Listed entries: Begin

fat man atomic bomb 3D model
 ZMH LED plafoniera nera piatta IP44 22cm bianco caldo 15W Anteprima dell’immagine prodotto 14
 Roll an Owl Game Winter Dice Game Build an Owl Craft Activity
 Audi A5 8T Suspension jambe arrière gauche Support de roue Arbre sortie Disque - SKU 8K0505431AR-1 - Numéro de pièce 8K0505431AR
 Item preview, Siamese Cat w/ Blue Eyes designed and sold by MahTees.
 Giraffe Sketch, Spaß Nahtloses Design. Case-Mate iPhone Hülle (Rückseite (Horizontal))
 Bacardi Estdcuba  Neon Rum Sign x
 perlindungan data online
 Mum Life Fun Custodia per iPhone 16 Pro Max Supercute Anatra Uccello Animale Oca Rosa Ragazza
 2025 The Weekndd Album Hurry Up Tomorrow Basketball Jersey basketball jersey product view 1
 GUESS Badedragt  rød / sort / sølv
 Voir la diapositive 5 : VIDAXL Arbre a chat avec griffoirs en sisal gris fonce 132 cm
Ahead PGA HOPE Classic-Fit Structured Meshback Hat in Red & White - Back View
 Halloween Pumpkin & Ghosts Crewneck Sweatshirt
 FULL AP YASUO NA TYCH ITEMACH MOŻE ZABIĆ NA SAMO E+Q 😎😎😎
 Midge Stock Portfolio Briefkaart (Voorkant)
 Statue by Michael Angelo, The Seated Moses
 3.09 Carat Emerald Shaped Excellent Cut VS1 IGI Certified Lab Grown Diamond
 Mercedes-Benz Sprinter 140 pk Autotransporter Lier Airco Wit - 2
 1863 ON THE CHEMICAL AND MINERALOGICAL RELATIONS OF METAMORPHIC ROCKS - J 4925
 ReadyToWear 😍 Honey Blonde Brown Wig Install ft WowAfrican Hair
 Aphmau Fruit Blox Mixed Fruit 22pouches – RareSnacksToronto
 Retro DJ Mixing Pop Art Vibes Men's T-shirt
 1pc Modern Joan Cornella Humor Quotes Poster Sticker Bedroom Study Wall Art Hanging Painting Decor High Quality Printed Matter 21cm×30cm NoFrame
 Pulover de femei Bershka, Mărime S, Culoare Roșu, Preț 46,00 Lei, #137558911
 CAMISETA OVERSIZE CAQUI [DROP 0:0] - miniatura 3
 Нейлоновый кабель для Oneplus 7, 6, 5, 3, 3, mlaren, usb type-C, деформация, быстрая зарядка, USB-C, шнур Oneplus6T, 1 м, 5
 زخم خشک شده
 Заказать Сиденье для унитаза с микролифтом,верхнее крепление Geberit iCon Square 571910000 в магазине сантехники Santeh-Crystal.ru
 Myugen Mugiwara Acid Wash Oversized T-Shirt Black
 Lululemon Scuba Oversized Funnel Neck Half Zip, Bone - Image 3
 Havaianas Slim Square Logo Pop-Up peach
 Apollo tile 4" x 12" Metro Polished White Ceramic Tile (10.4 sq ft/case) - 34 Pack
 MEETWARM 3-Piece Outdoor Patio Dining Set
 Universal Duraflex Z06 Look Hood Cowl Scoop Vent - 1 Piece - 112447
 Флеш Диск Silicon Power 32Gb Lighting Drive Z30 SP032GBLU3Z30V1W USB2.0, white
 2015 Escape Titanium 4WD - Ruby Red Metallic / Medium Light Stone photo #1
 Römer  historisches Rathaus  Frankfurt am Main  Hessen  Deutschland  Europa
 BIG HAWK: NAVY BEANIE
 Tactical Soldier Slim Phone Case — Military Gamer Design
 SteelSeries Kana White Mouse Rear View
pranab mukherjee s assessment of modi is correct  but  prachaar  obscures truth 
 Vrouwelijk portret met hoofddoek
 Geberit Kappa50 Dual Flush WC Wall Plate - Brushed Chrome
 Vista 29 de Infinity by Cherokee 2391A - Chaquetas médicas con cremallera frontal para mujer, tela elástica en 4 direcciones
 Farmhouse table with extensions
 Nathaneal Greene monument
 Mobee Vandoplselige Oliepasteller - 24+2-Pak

Listed entries: End

__Problem requirements__. With the first line being the one containing "ft/case) - 34 Pack" and the last line the one containing "BIG HAWK: NAVY BEANIE", transcribe exactly the lines above that fall in that range.

__Completed exercise__.
 Apollo tile 4" x 12" Metro Polished White Ceramic Tile (10.4 sq ft/case) - 34 Pack
 MEETWARM 3-Piece Outdoor Patio Dining Set
 Universal Duraflex Z06 Look Hood Cowl Scoop Vent - 1 Piece - 112447
 Флеш Диск Silicon Power 32Gb Lighting Drive Z30 SP032GBLU3Z30V1W USB2.0, white
 2015 Escape Titanium 4WD - Ruby Red Metallic / Medium Light Stone photo #1
 Römer  historisches Rathaus  Frankfurt am Main  Hessen  Deutschland  Europa
 BIG HAWK: NAVY BEANIE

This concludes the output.